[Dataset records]
· · ·

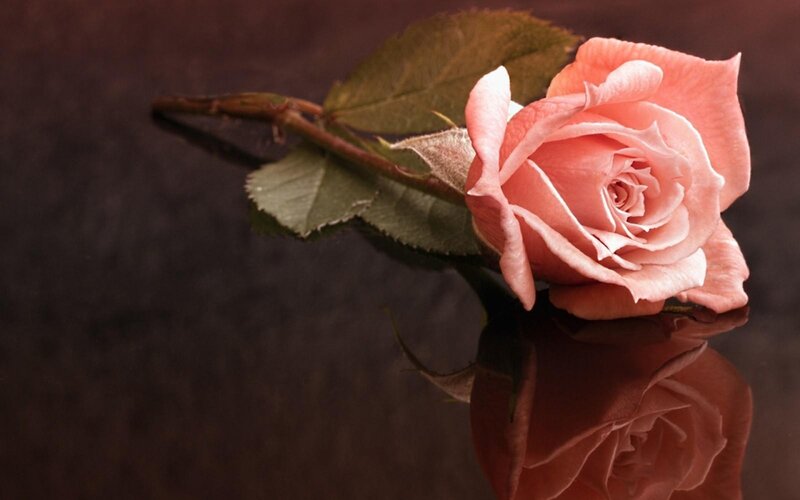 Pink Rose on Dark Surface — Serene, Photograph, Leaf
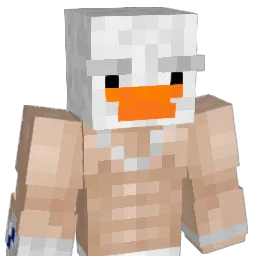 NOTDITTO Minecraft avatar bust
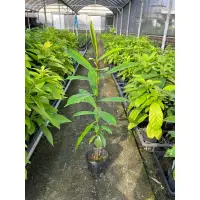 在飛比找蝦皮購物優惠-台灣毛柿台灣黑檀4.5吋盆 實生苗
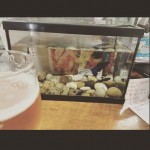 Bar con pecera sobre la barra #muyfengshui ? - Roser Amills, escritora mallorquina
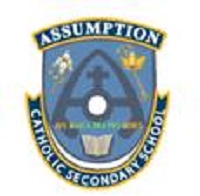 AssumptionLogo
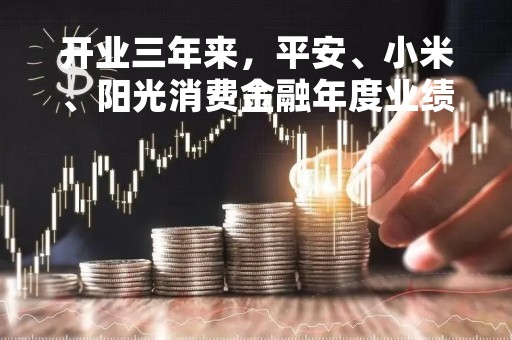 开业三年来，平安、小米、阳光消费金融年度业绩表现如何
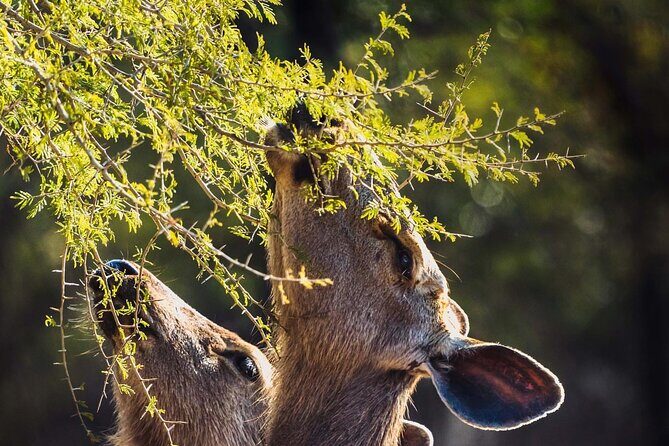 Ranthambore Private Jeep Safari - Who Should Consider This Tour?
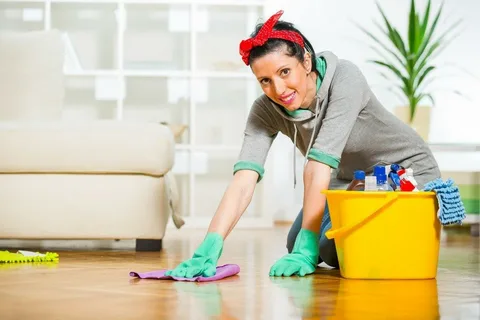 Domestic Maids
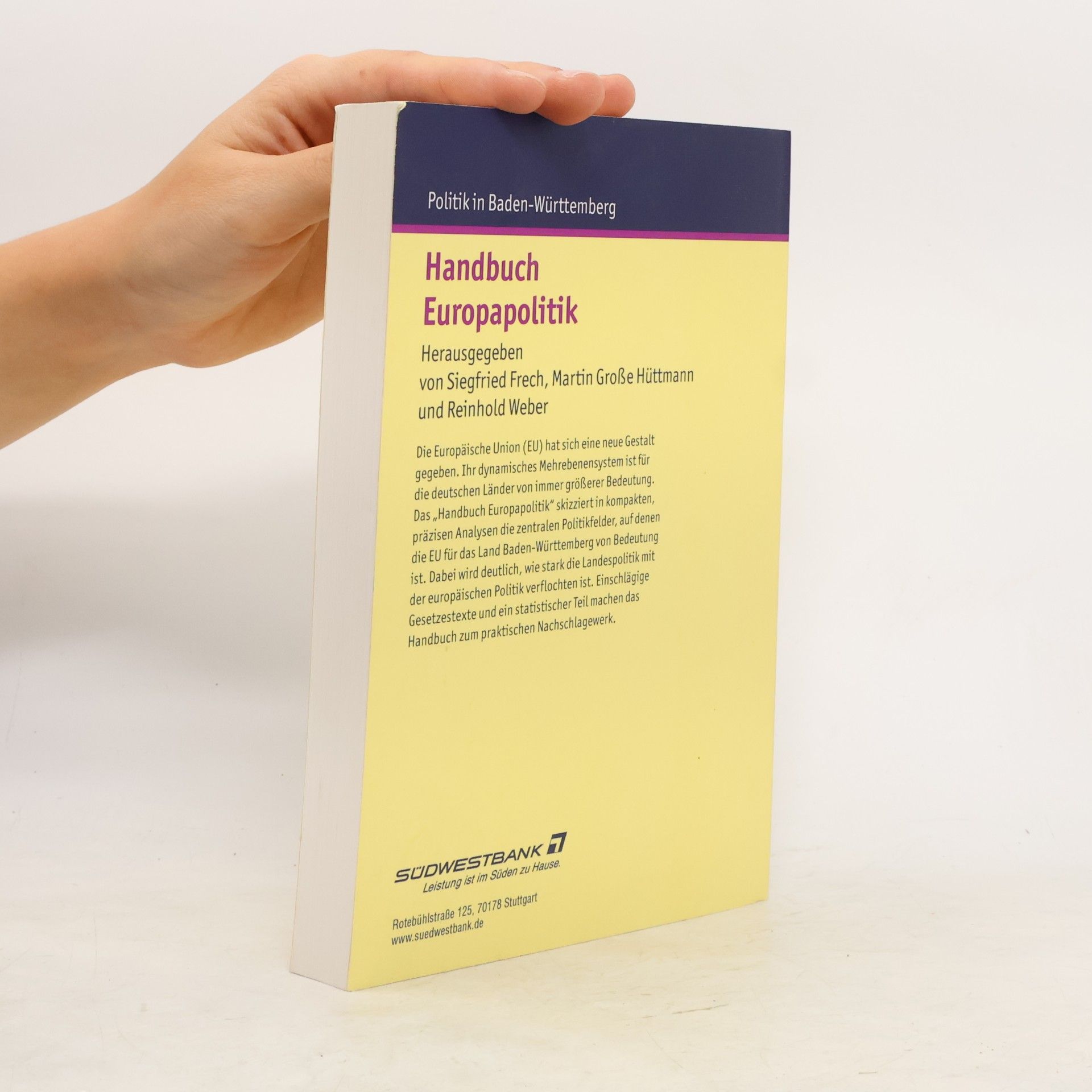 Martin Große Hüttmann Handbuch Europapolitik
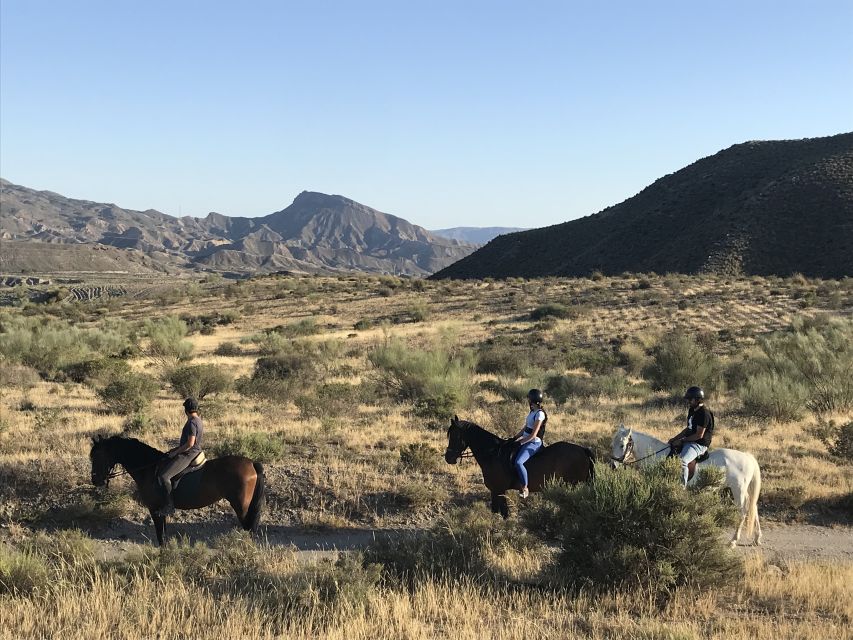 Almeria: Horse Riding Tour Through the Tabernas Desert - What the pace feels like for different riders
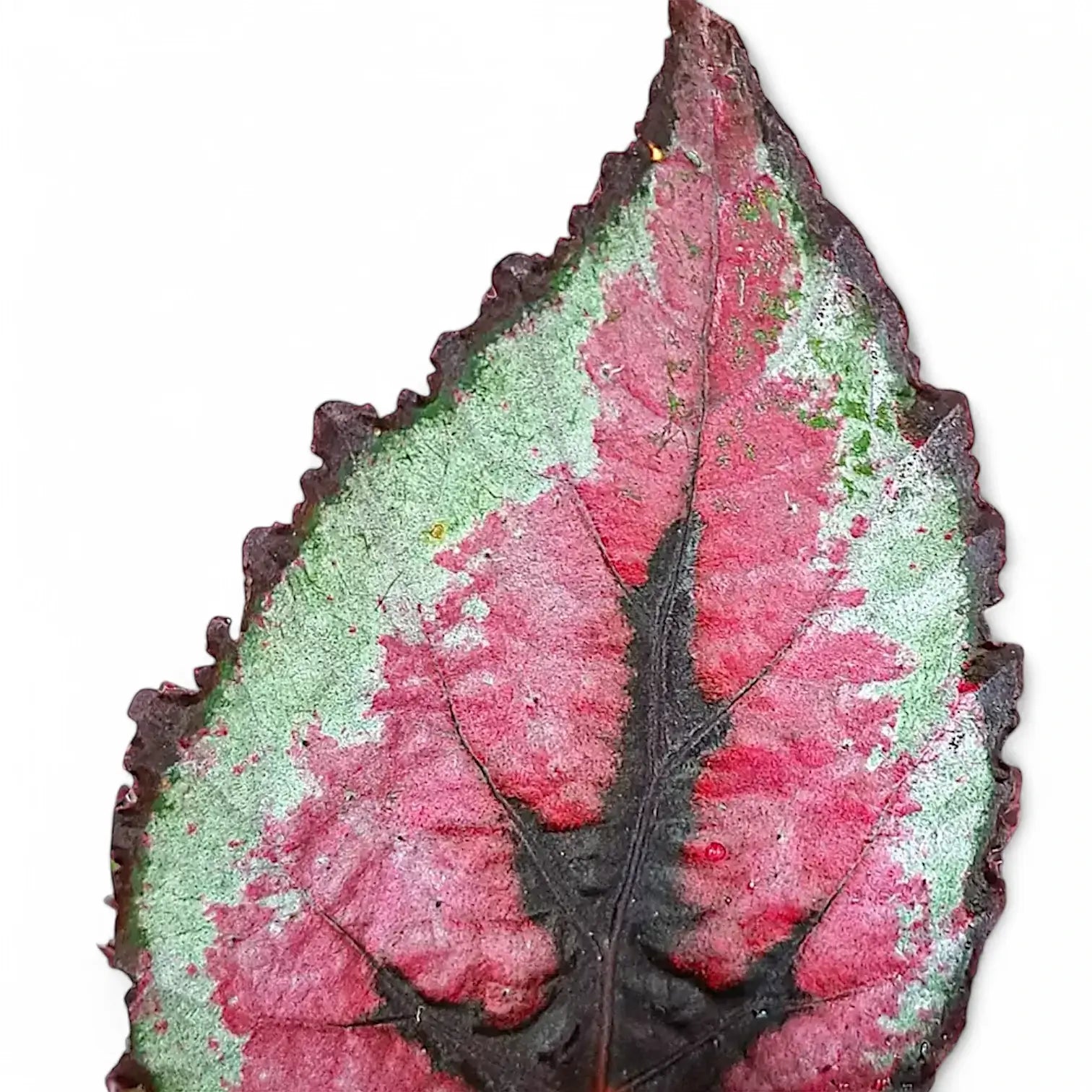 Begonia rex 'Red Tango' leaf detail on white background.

· · ·

PROBLEM DETAILS |
Pictures aside, return exactly the lines from the data above, starting at the line that has "AssumptionLogo" and ending at the line that has "Almeria: Horse Riding", both included.

SOLUTION TO THE PROBLEM |
 AssumptionLogo
 开业三年来，平安、小米、阳光消费金融年度业绩表现如何
 Ranthambore Private Jeep Safari - Who Should Consider This Tour?
 Domestic Maids
 Martin Große Hüttmann Handbuch Europapolitik
 Almeria: Horse Riding Tour Through the Tabernas Desert - What the pace feels like for different riders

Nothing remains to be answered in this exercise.